注
学习笔记。若涉及侵权,请告知删除。
Intro
构建在DataFrame之上。Mllib提供标准的机器学习算法API,能够方便的将不同的算法组合成一个独立的管道 Pipeline or workflow.
- DataFrame: from Spark SQL as an ML dataset, which can hold a variety of data types, e.g. different columns storing text, feature vectors, true labels and predictions.
- Estimator: is an algorithm which can be fit on a DataFrame to produce a Transformer. A learning algorithm is an Estimator which trains on a DataFrame and produces a model.
- Transformer: is an algorithm which can transform one DataFrame into another DataFrame, e.g. an ML model is a Transformer which transforms a DataFrame with features into a DataFrame with prediction.
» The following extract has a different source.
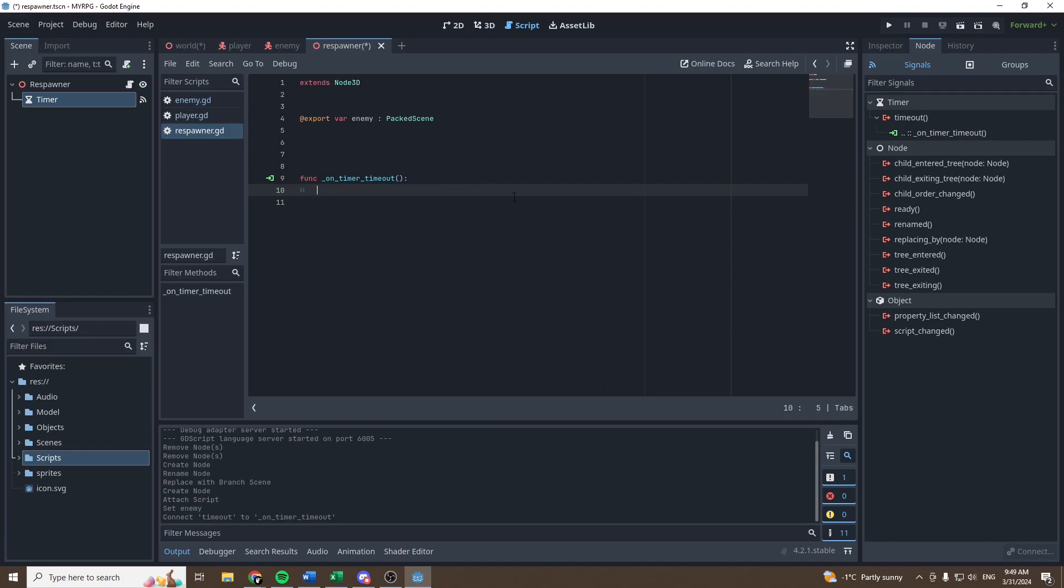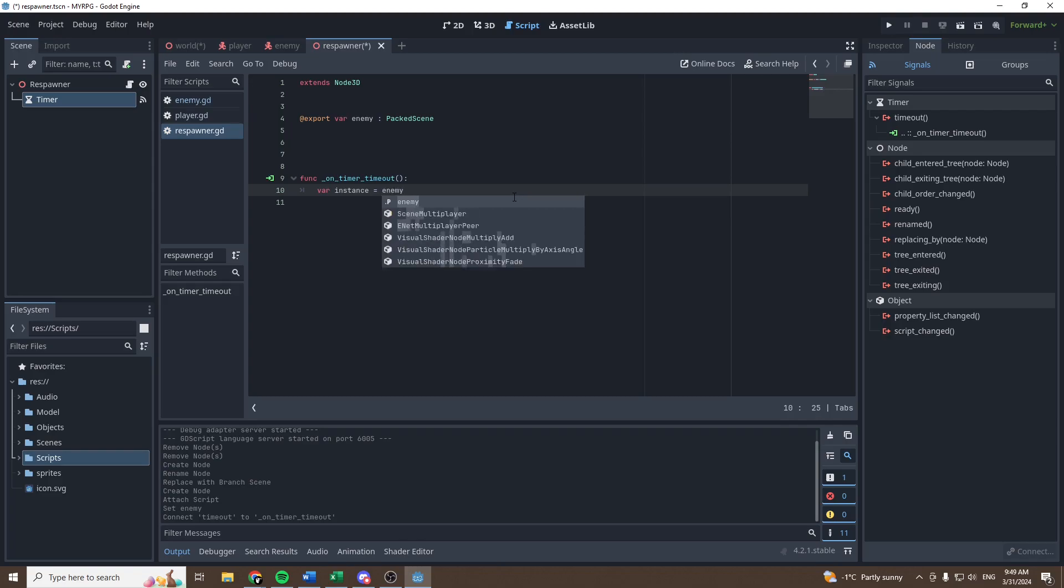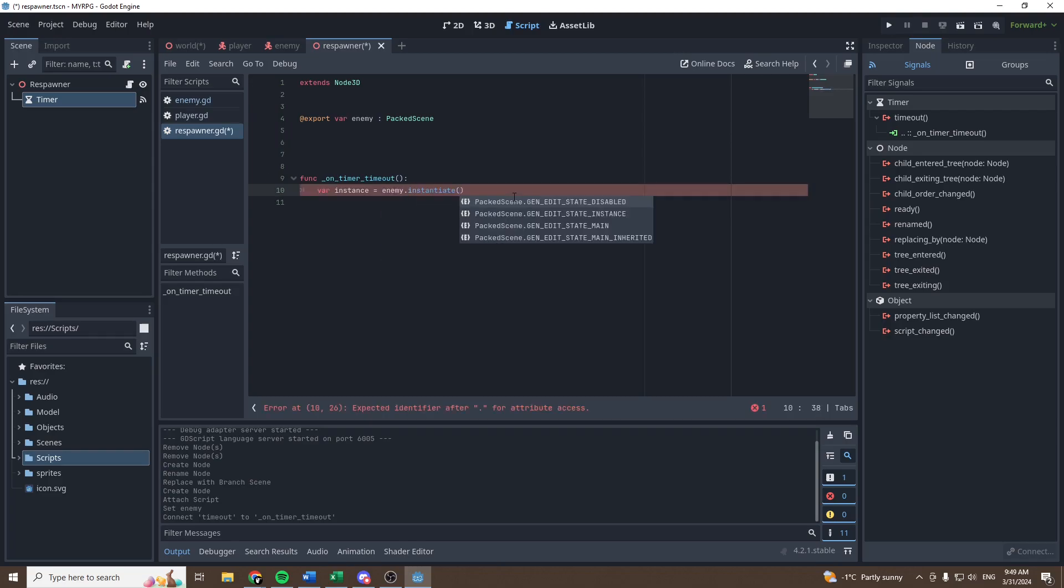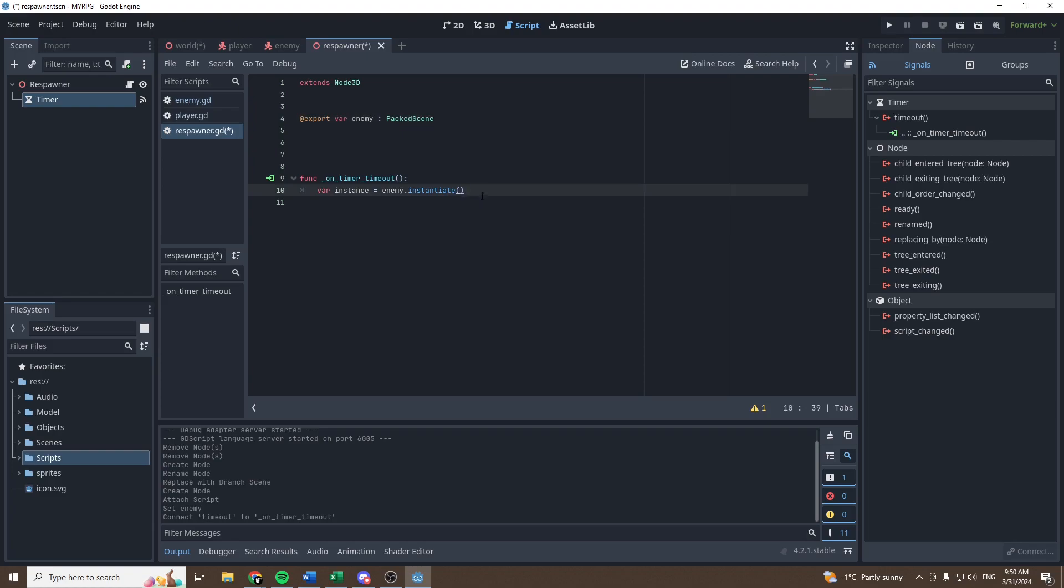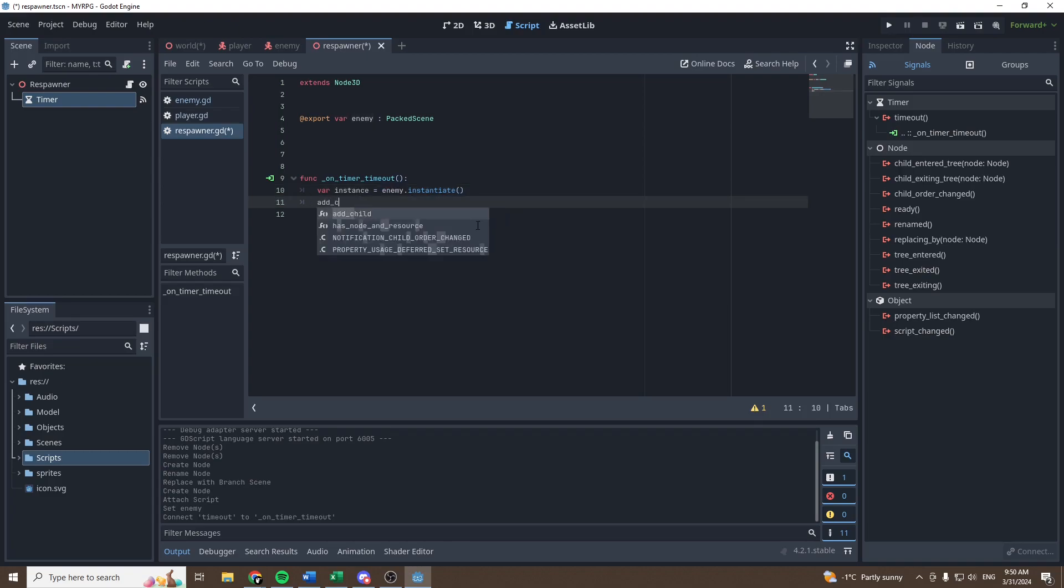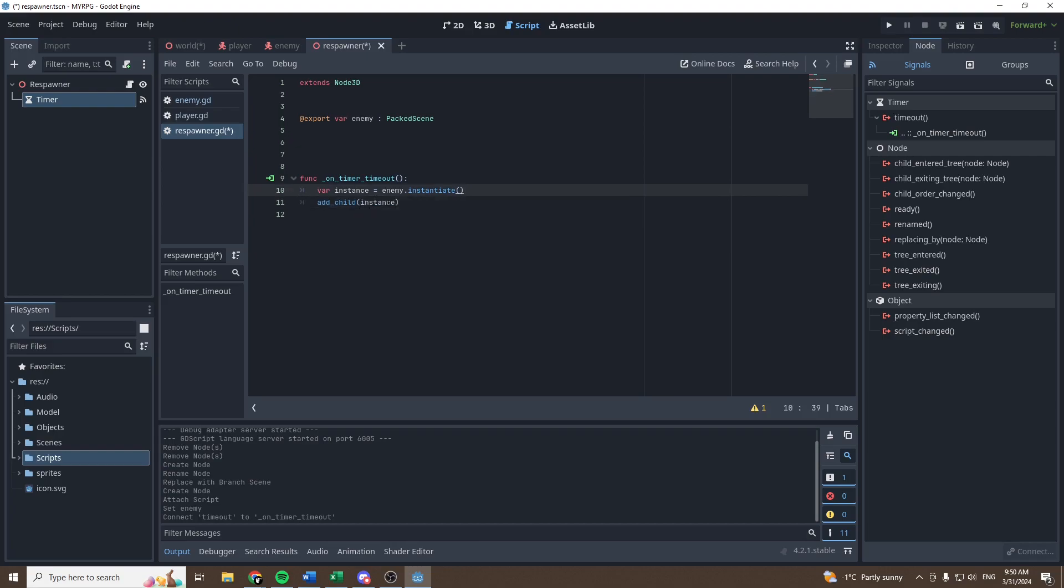So the first thing we want to do is create a new variable that we will call instance and the instance will be equal to enemy.instantiate. So basically when we want to add a new node to a node tree in Godot, we need to add an instance of a packed scene. So we cannot add directly the packed scene. We have to instantiate it at first. So this is instantiating the enemy and then we can simply add child and the child that we want to add is the instance just like that.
- Pipeline: a pipeline chains multiple Transformers and Estimators together to specify an ML workflow.
- Parameter: All Transformer and Estimators share a common API for specifying parameters.
Pipeline
A Pipeline is specified as a sequences of stages, and each stage is either a Transformer or an Estimator.
The input DataFrame is transformed as it passes through each stage.
For Transformer stages, the transform() method is called on the DataFrame.
For Estimator stages, the fit() method is called to produce a Transformer (which becomes a part of the PipelineModel, or fitted Pipeline)
Fit
the figure is for the training time usage of a Pipeline.
The top row, three stages, the first two are Transformers and the third one is an Estimator.
The bottom row represents data flowing through the pipeline, where cylinders indicate DataFrames.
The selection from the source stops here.